[R] error in rowSums:'x' must be numeric
Jari Oksanen
jarioksa at sun3.oulu.fi
Fri Nov 11 08:48:25 CET 2005
On Thu, 2005-11-10 at 16:49 +0100, Illyes Eszter wrote:
> Dear All,
>
> It's Eszter again from Hungary. I could not solve my problem form
> yesterday, so I still have to ask your help.
>
> I have a binary dataset of vegetation samples and species as a comma
> separated file. I would like to calculate the Jaccard distance of the
> dataset. I have the following error message:
>
> Error in rowSums(x, prod(dn), p, na.rm) : 'x' must be numeric
> In addition: Warning message:
> results may be meaningless because input data have negative entries
> in: vegdist(t2, method = "jaccard", binary = FALSE, diag = FALSE,
>
> Do you have any idea what can be the problem? I have only 0 and 1 in
> the dataset.
>
Eszter,
An old truth is that if The Computer is always right and you are wrong
when The Computer says that you have non-numeric data. Check your data
first. An obvious way of checking this is to repeat the command that
found the problem: rowSums(t2). After that (probably) reports the same
error, you can check your data sayin, e.g., str(t2) which displays you
the variables in a very compact form.
Now some wild speculation. When you read your data as comma separated
file, very often the column names are taken as the first variable.
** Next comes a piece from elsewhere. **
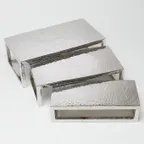 image of American Metalcraft HMPRR3 Hammered Steel Riser Set Silver, 3-Piece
Check
this and remove the first column if needed. This is so common that I've
even thought that I perhaps need to write a sanitizing function for cvs
files to do the following:
rownames(x) <- x[,1]
x <- x[,-1]
or to take the first column as rownames and then remove the non-numeric
first column.
A pertinent problem in R communication with cvs files is that R assumes
that with header=TRUE the header line has one entry less than data rows.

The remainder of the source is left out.